İletişim: sakinoner@hotmail.com
Ömer Seyfeddin, dil ve edebiyat alanında olduğu kadar siyasî ve fikrî alanda da milliyetçiliği ön plana çıkarmış bir şahsiyettir. O, bu yönüyle de bir ülkü ve dava adamıdır.
Şiirleri ve hikâyelerinde milli duygu ve düşünceleri ile ülküsünü ortaya koyan yazar, siyasi ve fikri alandaki milli düşüncelerini belirten eserler de yazmıştır. Bunlar; Millî Tecrübelerden Çıkarılmış Amelî Siyaset, Türklük Mefkûresi (Türklük Ülküsü), Yarınki Turan Devleti isimli eserlerdir.
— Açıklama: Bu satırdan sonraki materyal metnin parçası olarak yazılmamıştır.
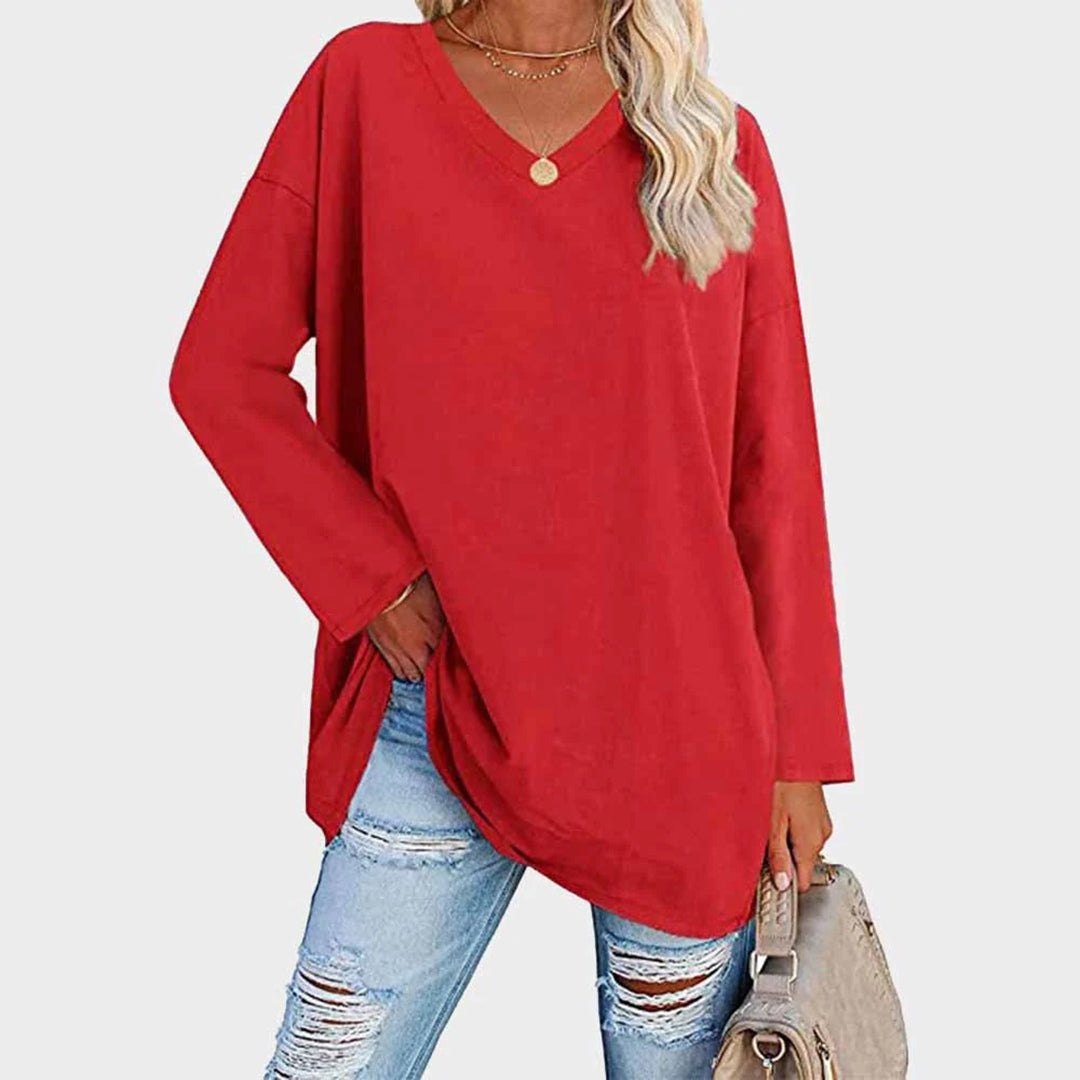 Addison women's casual loose fit long sleeve top with V-neck in relaxed silhouette for everyday style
Bu eserler tarafımdan Osmanlıcadan yeni yazıya çevrilerek hazırlanmış, 1972 ve 1977 yılarında iki ayrı yayınevince yayınlanmıştır.
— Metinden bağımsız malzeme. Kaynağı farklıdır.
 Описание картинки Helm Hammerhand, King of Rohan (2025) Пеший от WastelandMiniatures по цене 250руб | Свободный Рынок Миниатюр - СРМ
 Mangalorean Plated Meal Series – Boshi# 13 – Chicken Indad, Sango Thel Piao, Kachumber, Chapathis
Yazar bu eserlerinde; Türk milletinin yaşadığı ve acı çektiği tarihi olaylardan ders alarak gelecekte nasıl bir politika takip emesi gerektiğini, milletin hangi unsurlardan meydana geldiğini, milletin hangi unsurlardan meydana geldiğini, yeni yetişen nesillere milliyetçilik duygusunun nasıl aşılanması gerektiğini ve Türk milletinin ülküsünün ve nihai hedefinin ne olması gerektiğini anlatır.
Ömer Seyfeddin de, yakın dava arkadaşı Ziya Gökalp gibi bir kültür milliyetçisidir. Kavmi milliyetçiliği ilkel bularak, kesinlikle reddeder. “Bugün milletlerde ırk esası aramak, ‘elkimya’ (simya) ile uğraşmaktan daha gülünçtür. Millet; bir dili konuşan, bir din, bir terbiye, bir eğitimle birbirine kenetlenmiş insanların meydana getirdiği bir varlıktır.” [1]
Ona göre, Türklerin iki çeşit hayatı vardır; şahsi hayatı ve millet hayatı (Türklük). “Millet hayatını güçlendirmek, dünyadaki her şeyin üstünde görmek ve her şeyin üstüne çıkarmaya çalışmak, ‘Türklük mefkûresi’dir. Her milletin bir mefkûresi (ülküsü) bulunması gerekir. Kendi canının geçici, millet hayatının ebedî olduğunu bilenlerin amacı, bu ülküye hizmet etmek olmalıdır.
Millî ülküyü; dil, millet, din ve vatan sevgisi besler. O ülkü şudur: “Büyük milletler gibi ilerleyip gelişmek, kan ve din kardeşlerimizi sırasıyla esirlikten kurtarmak, Türk adını tarihte tekrar parlatıp Türklükle beraber Müslümanlığa da eski önemini kazandırmak…” [2]
O da, kendi döneminin çoğu Türkçüleri gibi, o dönemde sayısı 200 milyona ulaşan dünya Türklüğünün (Bütün Türklük) bir bayrak altında toplanarak büyük ve kuvvetli bir ‘İlhanlık’ kurulması ülküsünü benimsiyordu. Bu anlamda o da Turan idealine bağlı idi.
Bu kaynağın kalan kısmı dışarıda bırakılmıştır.